The intimate verification of “no eyes, no ears, no road” is essential or Zen is just another belief system. However, if you think that even vividly-hopping-along verification will solve all your personal problems and psychological issues, you are likely to be surprised. This is a passive/victimy view of dharma and oh-my-buddha is this an issue in Soto Zen or what?!
Anyway, after “glimpsing the ox” all hell often breaks loose – and it is a repetitive process as in life for non-practitioners as well. After a while the old structures, in and out, seem to fall apart and it is from the ashes of hell (i.e., dropping body and mind, being turned by the dharma wheel), that the practitioner picks up body and mind in vow and turns the dharma wheel. This is where the rubber meets the reconstructive road and we must take the risks involved in living a creative life.

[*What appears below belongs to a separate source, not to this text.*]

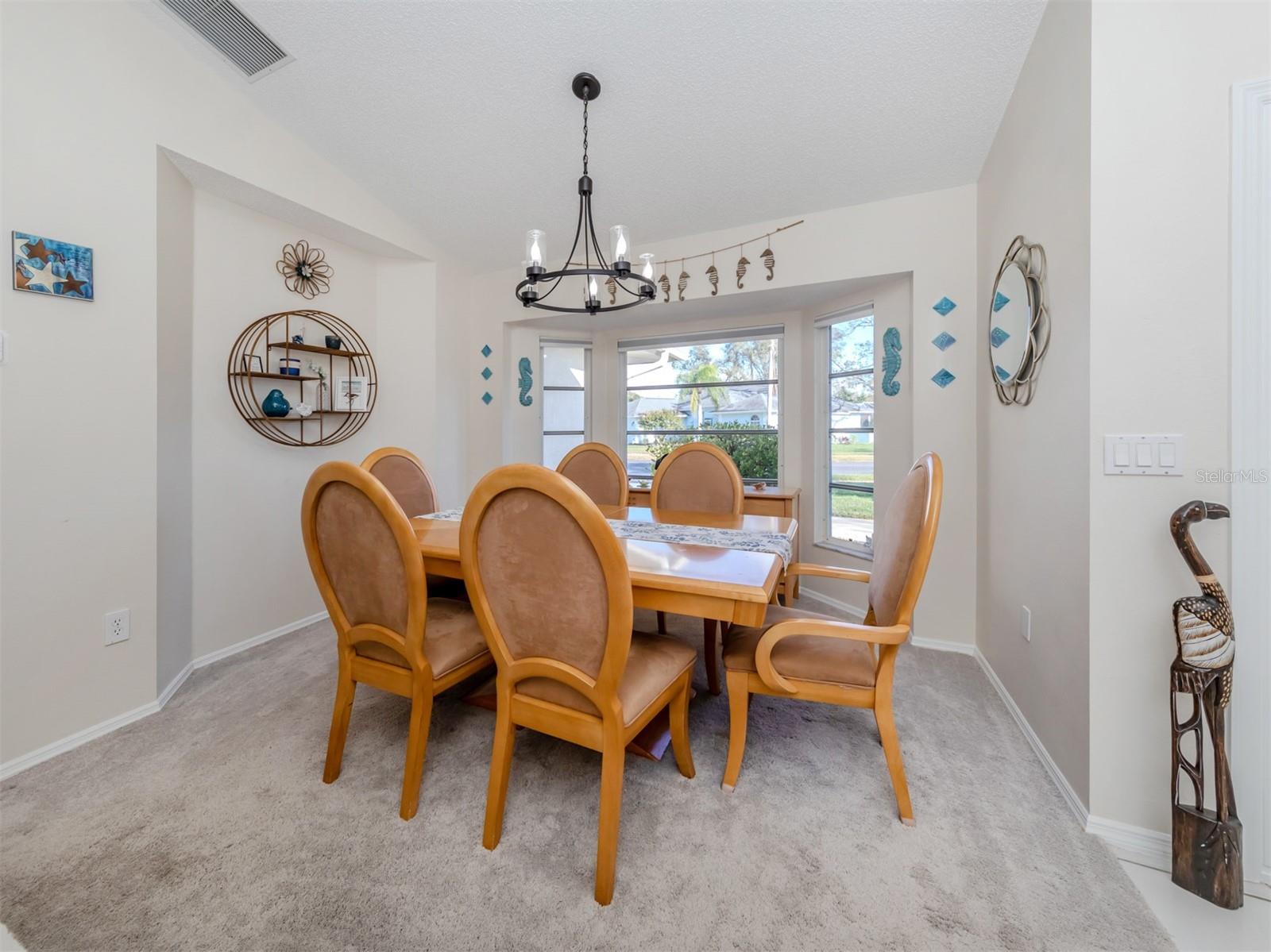 Image 18 of 33 For 323 Woodvale Drive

I find encouragement and specific instructions for such in the Soto tradition. Others find it in psychotherapy, the arts, a profession – or just living a life with a whole kit and caboodle of responsibilities – and balance the deconstructive aspect of the Zen road, supplemented by elements from our modern world. And why not?
The reconstructive road is not a return to self-centered living. That would deny what is realized in deconstruction. Dogen, echoing this week’s theme in the Genjokoan work, puts it this way:
“…Make the five faculties sharp and clear. To be sharp and clear means that once we hear that we should discard fame and profit and should discard self-centeredness, we immediately discard them.”